What is spirituality?
Spirituality is a broad concept with room for many perspectives. In general, it includes a sense of connection to something bigger than ourselves, and it typically involves a search for meaning in life. As such, it is a universal human experience – something that touches us all. As a Church of England school, we follow the teachings of Christ, and the ethos of the school is at the heart of our teaching and learning. Our school symbol, which includes the Archangel St Michael’s wings, helps us to reflect on both Christian and moral values. Our core aim is to instil values of courage and compassion, honesty, achievement, leadership and service, all bound within a spirit of Christian love and action.

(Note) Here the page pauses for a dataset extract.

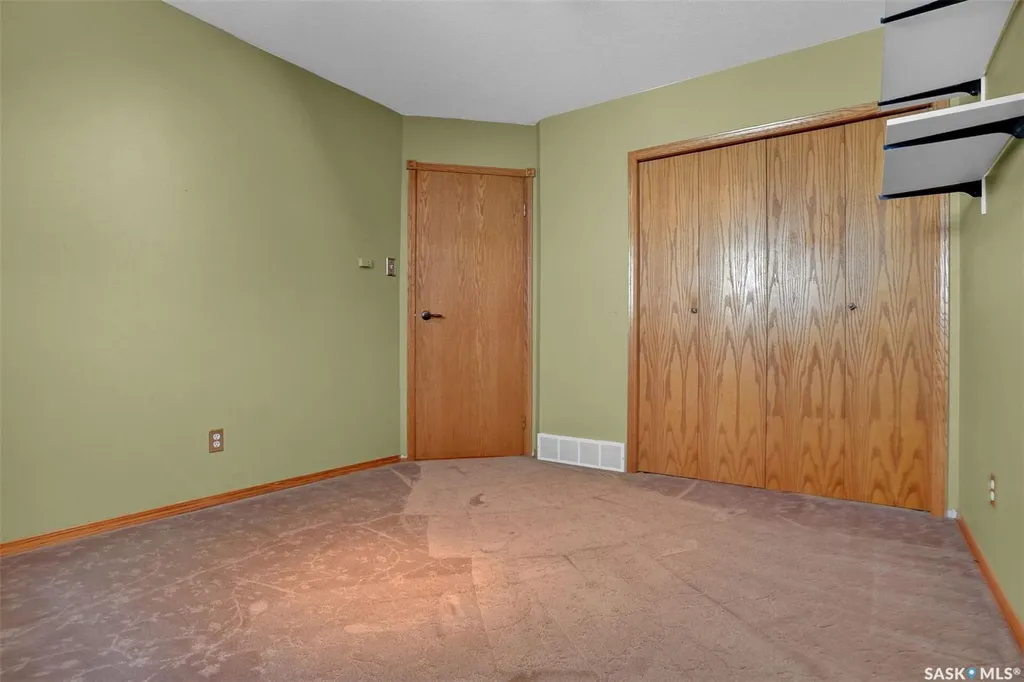 8214 Rankin Drive Regina SK S4Y 1J4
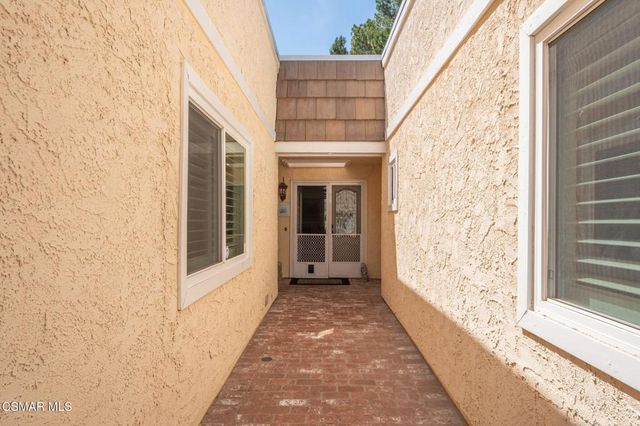 2704 Lakeridge Lane, Westlake Village, CA 91361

How we aim to develop a strong sense of spirituality
Students starting our school will visit our local partner church and take part in a service that encourages them to ‘shine their light’. November is a time of remembrance whereby, as a school, we reminisce and celebrate the freedom bestowed by others. Advent begins a build-up to the whole school coming together to celebrate the birth of Jesus in an engaging and creative Christmas service. Lent commences with various initiatives and events that build towards another whole-school celebration of Easter. As a busy year comes to an end, we say goodbye to our Year 11 students through a special Leavers’ Service, which is their last time together as a year group, and we hold a Key Stage 3 service on the final day of the school year to celebrate achievement and to give thanks for God’s presence in our lives.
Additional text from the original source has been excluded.